**What is expected:**
Beginning with the first line, retype exactly the records below up to and including the line with "Photo of property"; pictures do not belong in the copy.

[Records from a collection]
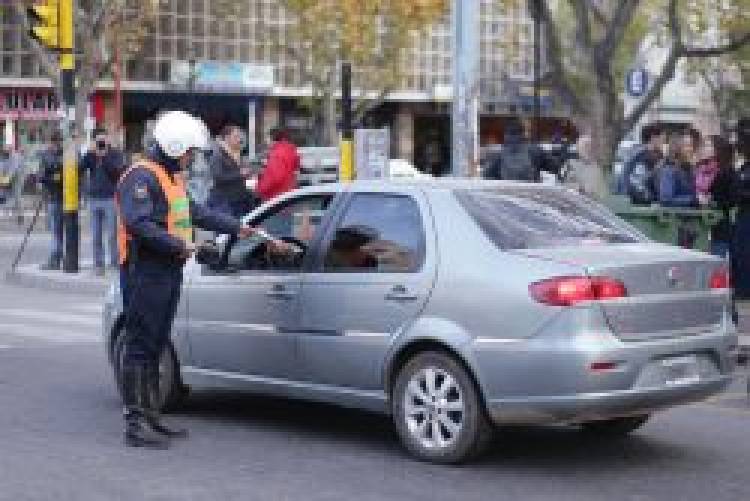 OPERATIVOS EN MENDOZA POR EL DÍA DEL ESTUDIANTE: SE REALIZARON CERCA DE 2 MIL ACTAS VIALES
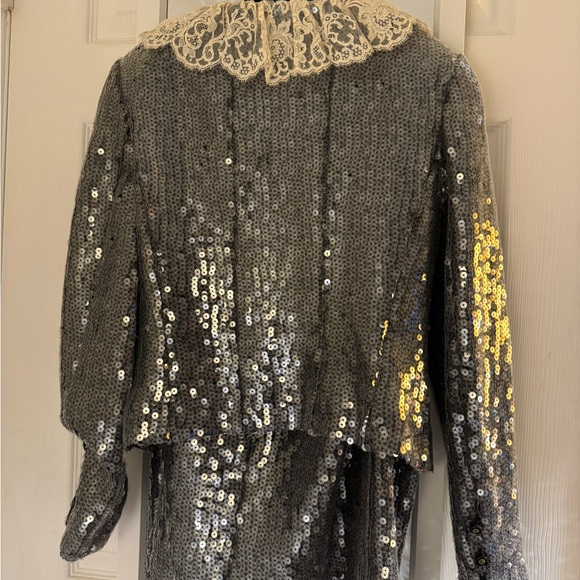 ‘94 F/W CHANEL Grey sequined skirt suit with lace collar. - Picture 3 of 15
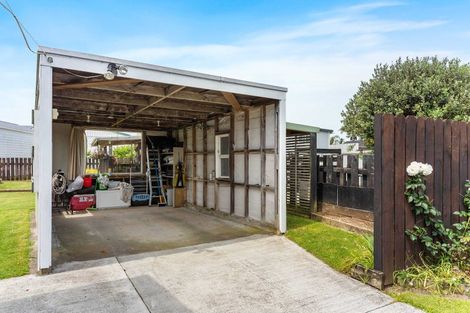Photo of property in 210 Chartwell Avenue, Whangamata, 3620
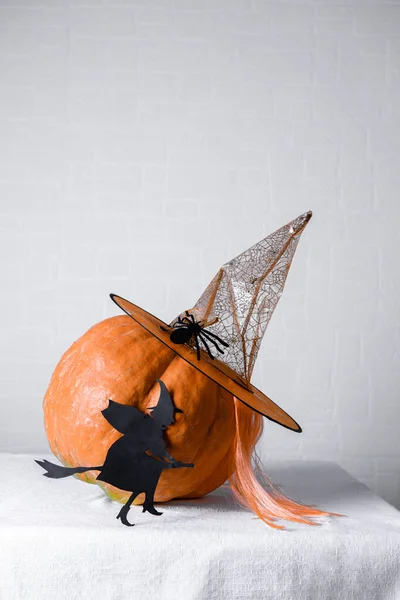 Čarodějnice Černého Papíru Oranžovou Dýní Čarodějnickém Klobouku Minimální Halloween Kreativní — Stock fotografie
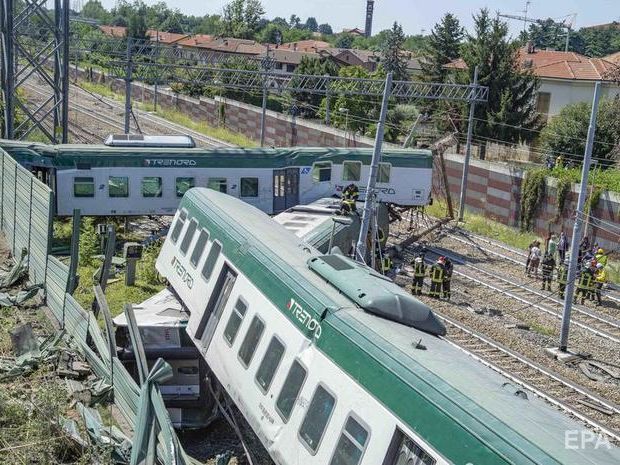 В Италии поезд без машиниста отправился в путь и сошел с рельсов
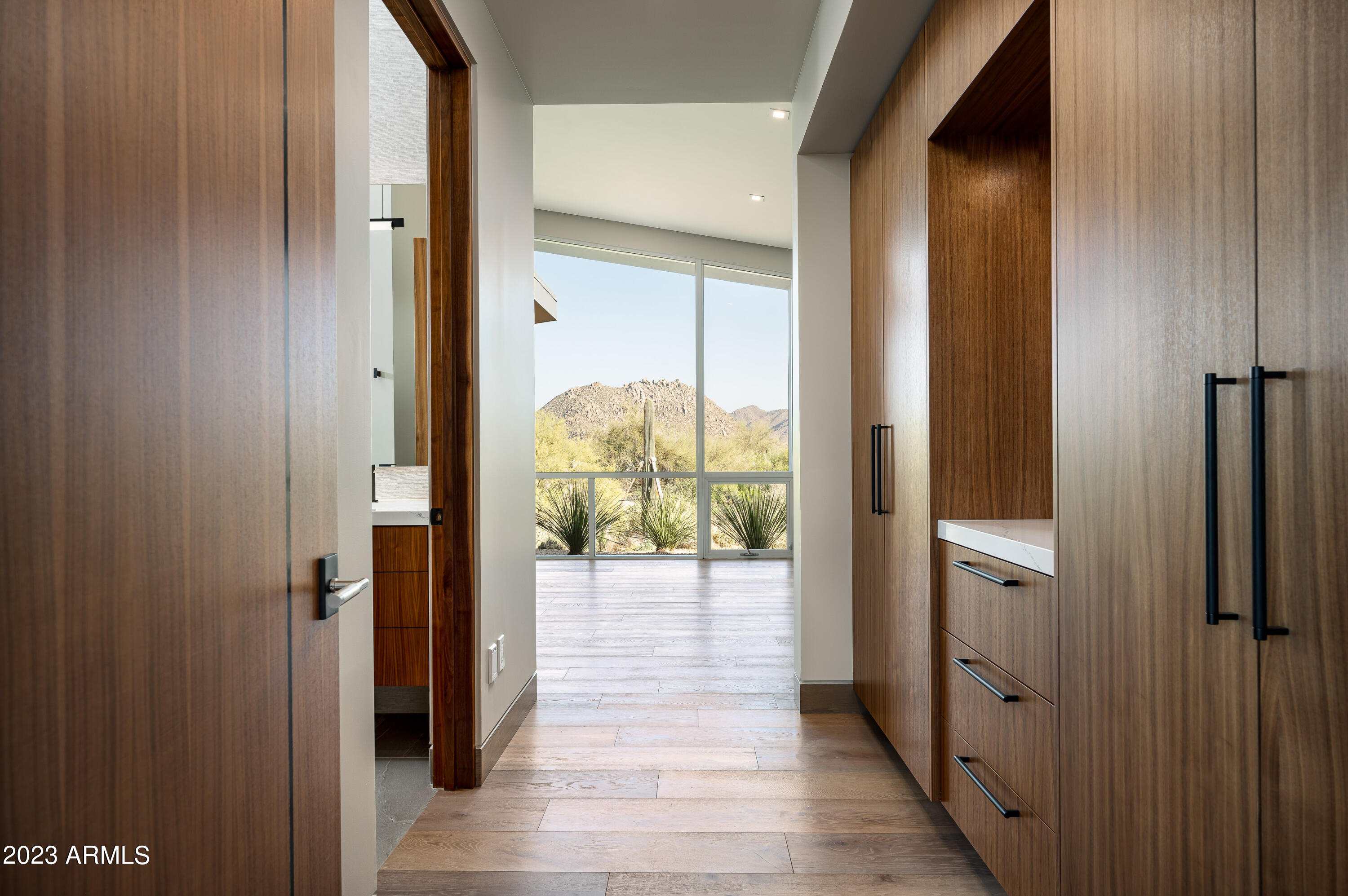ESTANCIA - Residential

**Response to this exercise:**
 OPERATIVOS EN MENDOZA POR EL DÍA DEL ESTUDIANTE: SE REALIZARON CERCA DE 2 MIL ACTAS VIALES
 ‘94 F/W CHANEL Grey sequined skirt suit with lace collar. - Picture 3 of 15
Photo of property in 210 Chartwell Avenue, Whangamata, 3620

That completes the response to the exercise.